After a 14-month investigation, Uber and New York Attorney General Eric Schneiderman have reached a settlement regarding Uber’s aerial “God View” tool. God View allowed a wide range of Uber employees to access customer data and track the location of Uber riders and customers. The New York AG’s investigation into Uber’s privacy and security practices was prompted by reports that an Uber executive used God View to track an Uber customer’s ride for his own personal reasons and without the rider’s permission. Uber has maintained that the executive who accessed God View to locate the rider did so because she “was 30 minutes late to a meeting,” though the company acknowledges that he exhibited “poor judgment” in making the decision to violate her privacy.

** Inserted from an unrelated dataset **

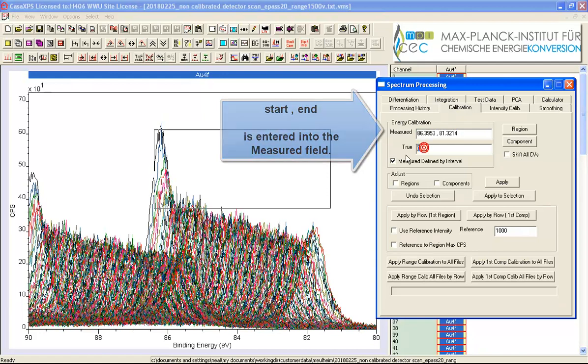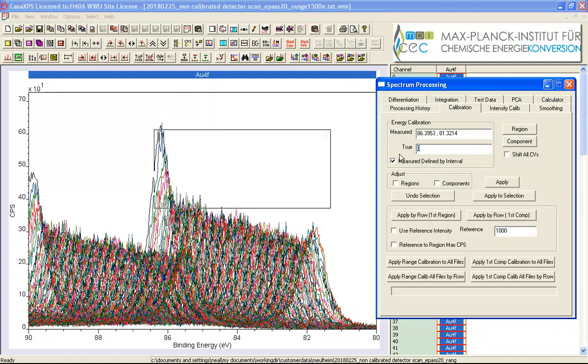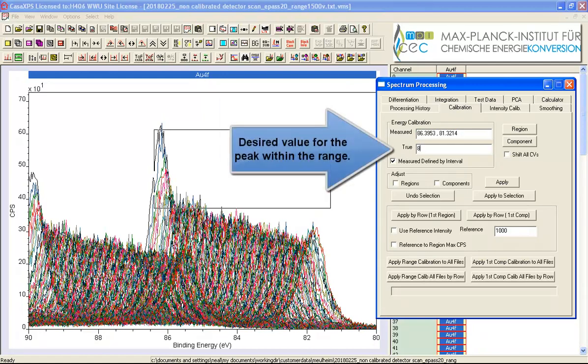So now all we have to do is enter the value that we would like to calibrate to, so 84, and we'll press apply.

The investigation was subsequently expanded to include Uber’s September 2014 discovery of a data breach that affected some of its drivers. The company failed to report that incident to the New York AG’s office until February 26, 2015. The law requires that data breaches be disclosed to the people affected by them and to authorities “in the most expedient time possible and without unreasonable delay.”
Per the settlement, Uber will pay a $20,000 fine for its failure to report unauthorized third-party access to drivers’ personal information in a timely fashion and must also revise its privacy practices. The settlement requires geolocation data for both drivers and passengers to be encrypted and password protected. Additionally, God View access will be limited to a specific small group of employees and it may only be used for “legitimate business purposes.” The settlement specifically provides: “Uber has represented that it has removed all personally identifiable information of riders from its system that provides an aerial view of cars active in a city, has limited employee access to personally identifiable information of riders, and has begun auditing employee access to personally identifiable information in general.”